The new anti-papalism

The conservative opposition to Pope Francis is boldly going to a place it once considered heretical.

Ecclesiastics gathered at the First Vatican Council. Image courtesy of Creative Commons

(RNS) — The conservative opposition to Pope Francis is boldly going to a place it once considered heretical.

The latest example is “The Case Against Pope Francis,” a National Review hit piece by Michael Brendan Dougherty that went online this past week. As a bill of particulars it doesn’t amount to much, but that’s beside the point. What’s significant is its readiness to ignore the very concept of papal authority.

Of course, there’s the dismissive rhetoric. Francis is presenting the vision of a God “who is not merciful but indulgent, even lazy, and indifferent.” He is instituting a religion of “good enough.”

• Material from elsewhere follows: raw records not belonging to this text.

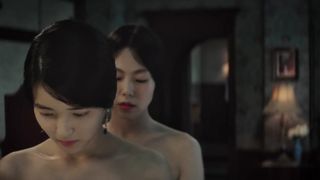 [korean Video Orgy Scenes] Kim Tae Ri's Lovemaking Gigs in the Handmaiden (2016)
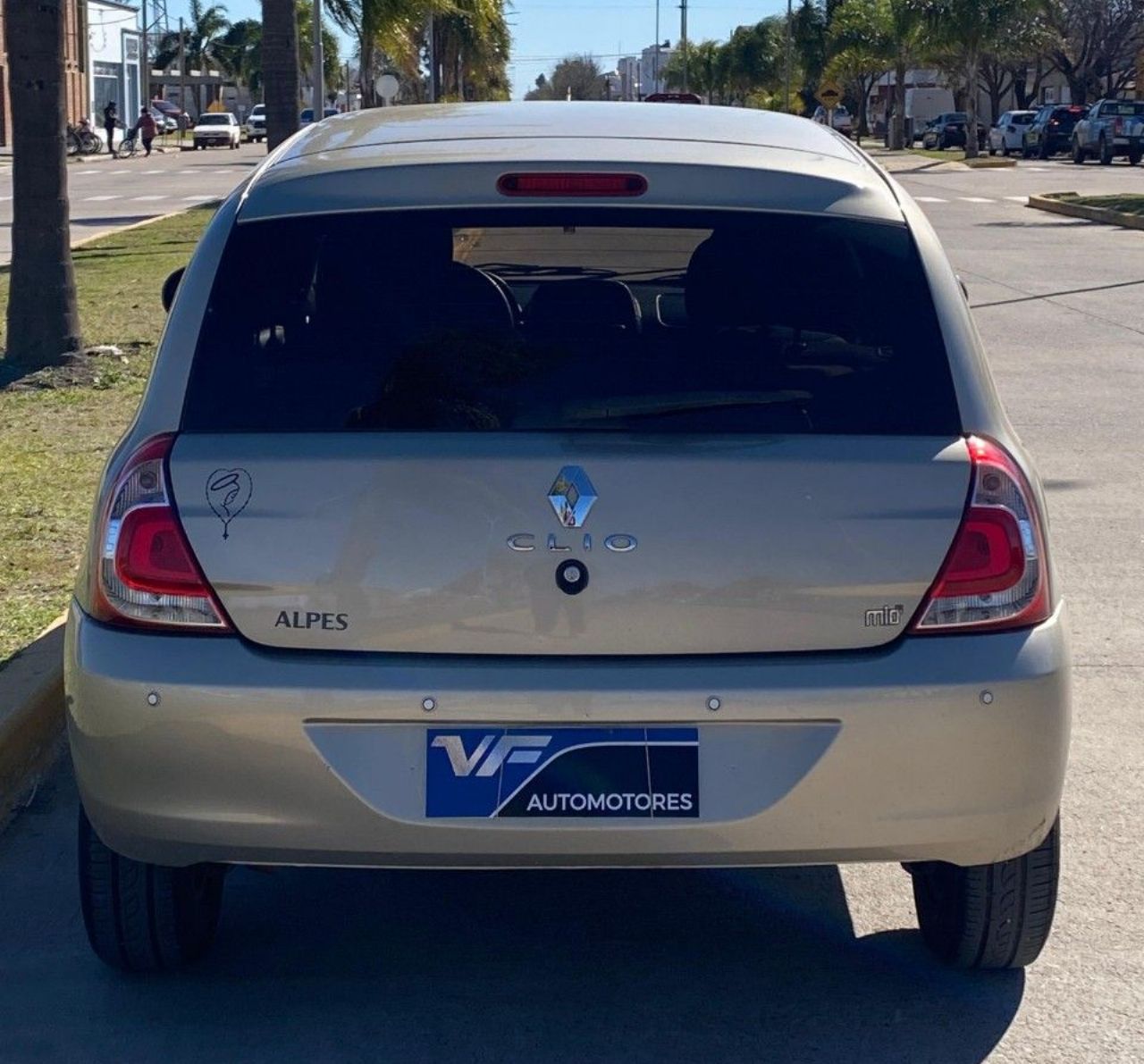Renault Clio Usado en Córdoba, deRuedas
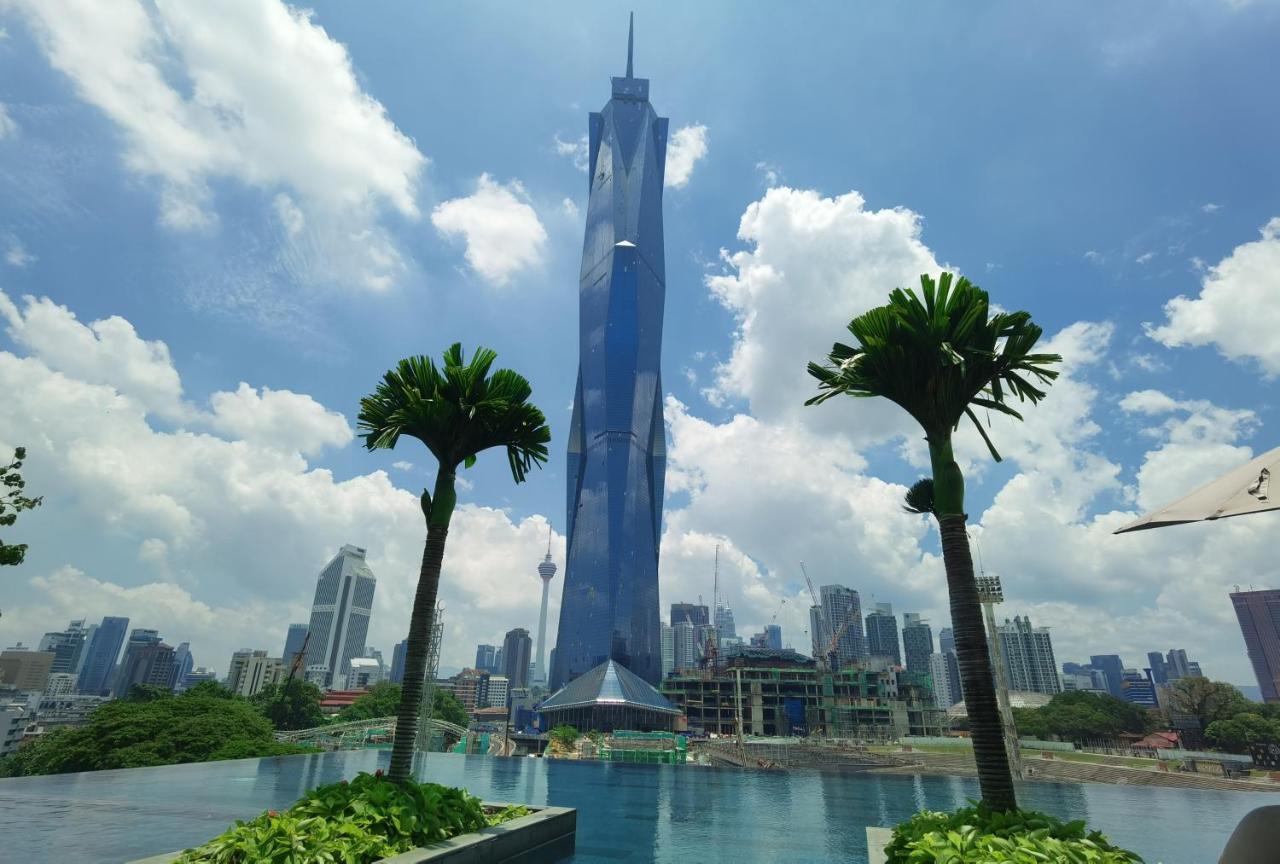 Merdeka Tower 118 Opus Kl Kuala Lumpur Exterior foto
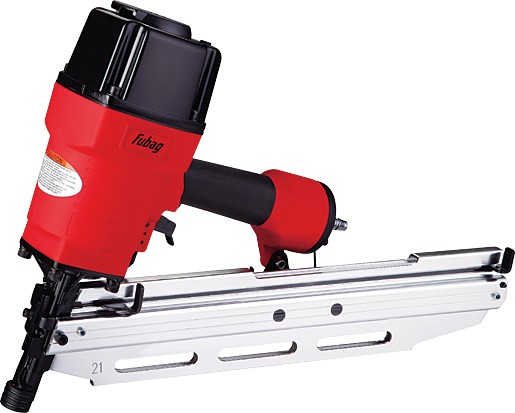 100156 — Пистолет гвоздезабивной длина гвоздя  FUBAG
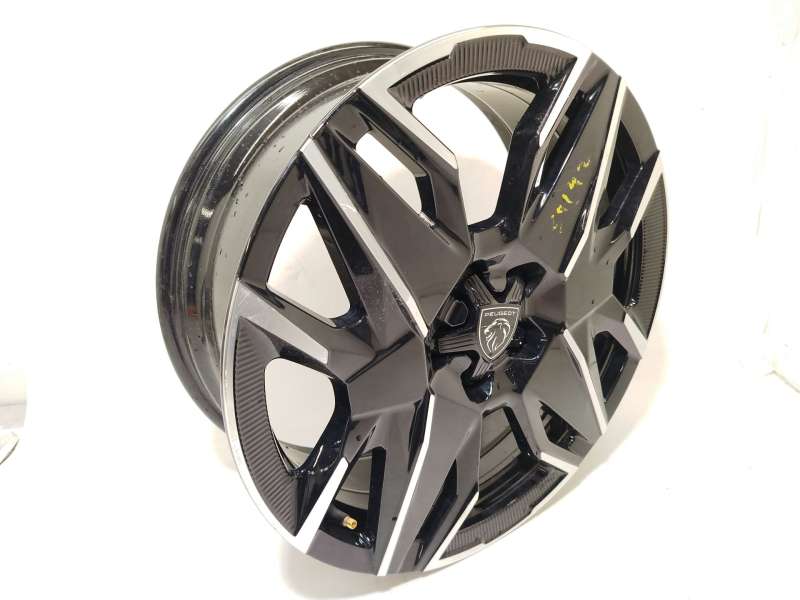 Recambio de llanta para peugeot 5008 ii (mc_, mj_, mr_, m4_) 1.2 (mrhnyh, mrhnyw, mrhnsj, mrhnsu, mrhnsm) referencia OEM IAM 984 - Azul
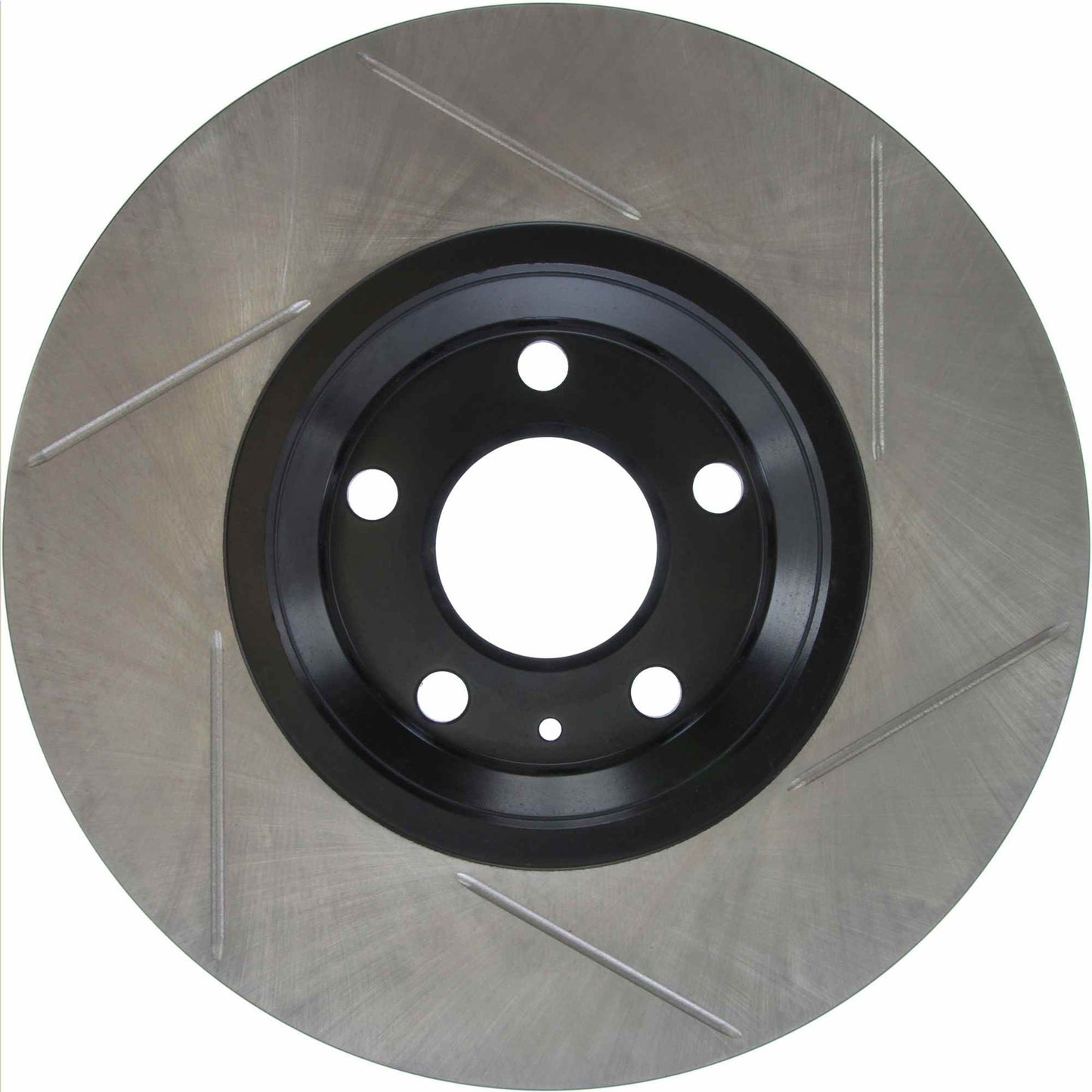 StopTech Power Slot 02-06 Audi A4/A4 Quattro 3.0L/98-04 A6/A6 Quattro Front Right Slotted Cryo Rotor 126.33107CSR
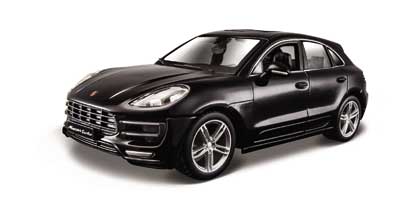 BBurago Porsche Macan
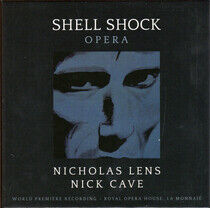 Lens, Nicholas/Nick Cave - Shell Shock - Opera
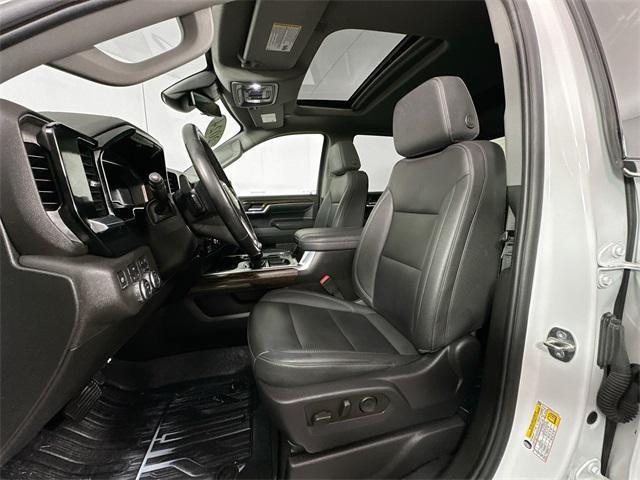 used 2024 GMC Sierra 1500 car, priced at $48,500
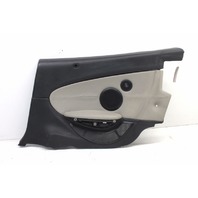 2007-2010 BMW M6 E63 E64 Convertible Right Rear Door Panel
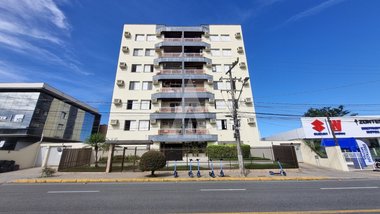 apartment em Rua Itaiópolis, América - Joinville - SC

But what really troubles Dougherty are Francis’ changes in church teaching — his opening the door to communion for the divorced and remarried and his declaration that the death penalty is now inadmissible. Harking back to the event most of us associate with the Church’s exaltation of the papacy, he suggests the opposite: “The first Vatican Council rejected those who claimed the pope can deliver new doctrines, saying that his responsibility was to protect and safeguard the existing truths of the Catholic faith.”

Let’s stop right there.

Pastor Aeternus, the dogmatic constitution establishing papal infallibility issued by the First Vatican Council in 1870, has this to say about new doctrine:

And the Roman Pontiffs, according to the exigencies of times and circumstances, sometimes assembling Ecumenical Councils, or asking for the mind of the Church scattered throughout the world, sometimes by particular Synods, sometimes using other helps which Divine Providence supplied, defined as to be held those things which, with the help of God, they had recognized as conformable with the Sacred Scriptures and Apostolic Traditions. For the Holy Spirit was not promised to the successors of Peter that by his revelation they might make known new doctrine, but that by His assistance they might inviolably keep and faithfully expound the Revelation, the Deposit of Faith, delivered through the Apostles.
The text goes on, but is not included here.